Work request –
Set down, exactly and only, everything from the line containing "あけび (@Akebi128) / X" down to the line containing "The Immigrant Cafe" in the data below; the pictures are not part of the copy.

Records for this task –
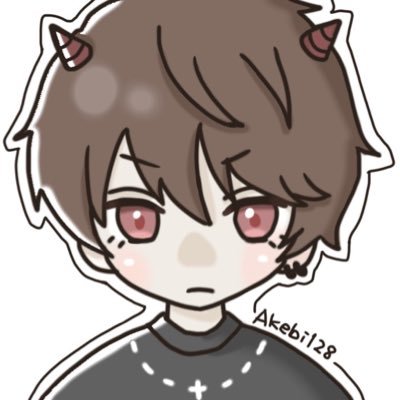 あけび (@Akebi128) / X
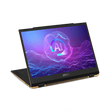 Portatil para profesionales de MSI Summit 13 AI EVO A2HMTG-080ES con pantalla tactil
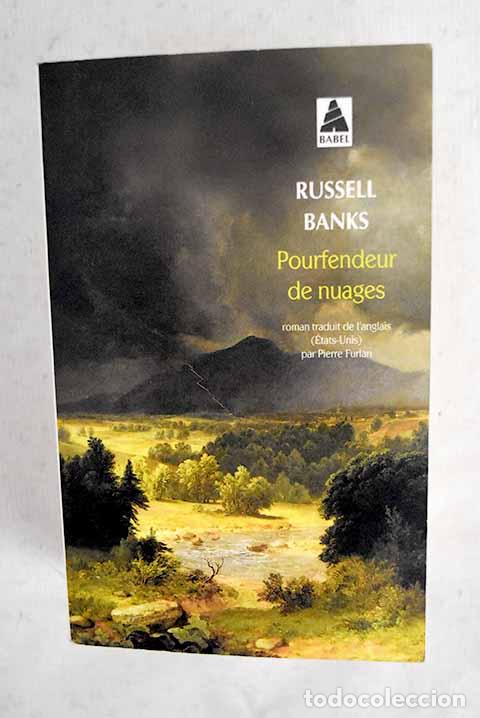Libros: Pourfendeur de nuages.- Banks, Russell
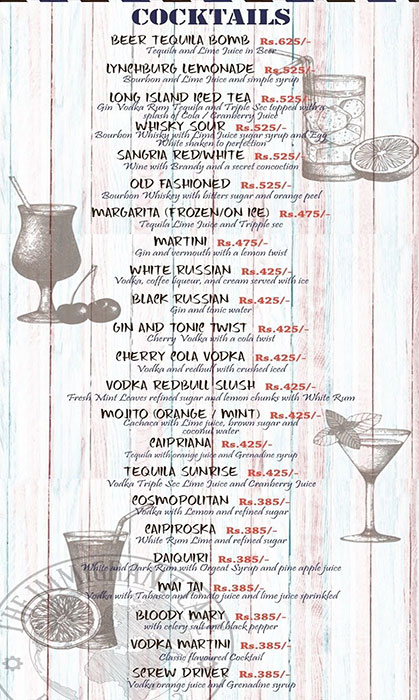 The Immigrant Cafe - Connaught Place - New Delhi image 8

* * *

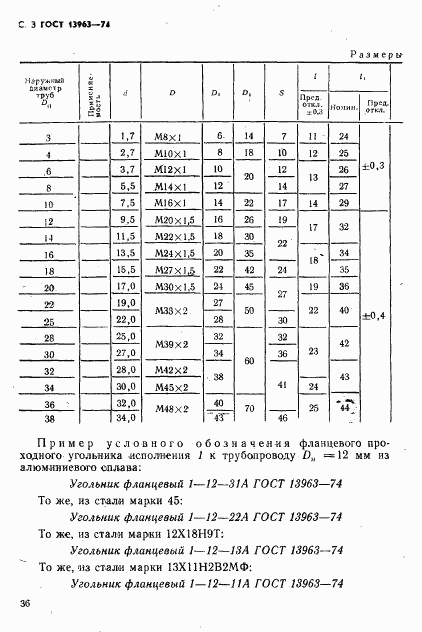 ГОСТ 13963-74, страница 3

...

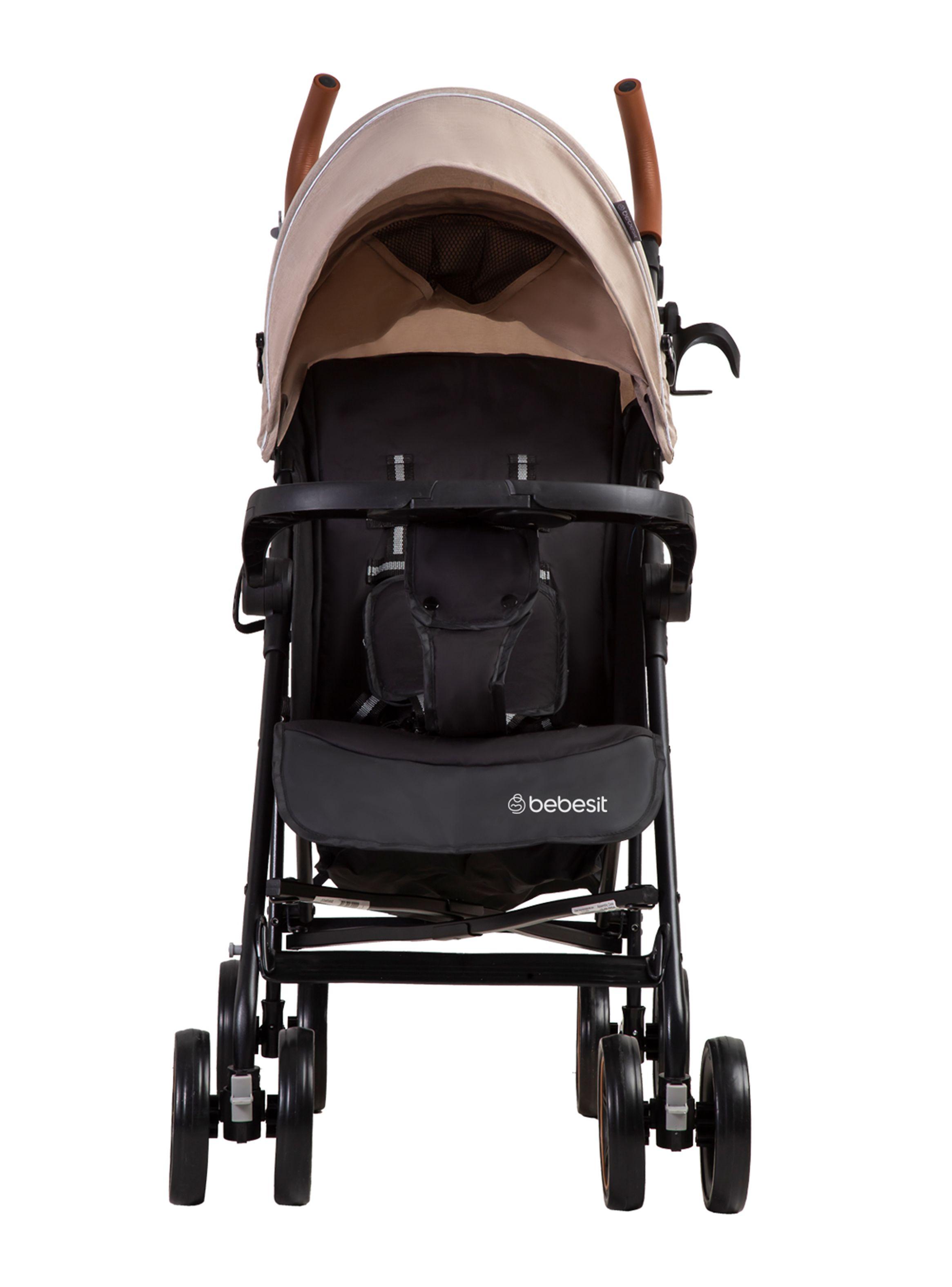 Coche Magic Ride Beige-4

Answer space –
 あけび (@Akebi128) / X
 Portatil para profesionales de MSI Summit 13 AI EVO A2HMTG-080ES con pantalla tactil
Libros: Pourfendeur de nuages.- Banks, Russell
 The Immigrant Cafe - Connaught Place - New Delhi image 8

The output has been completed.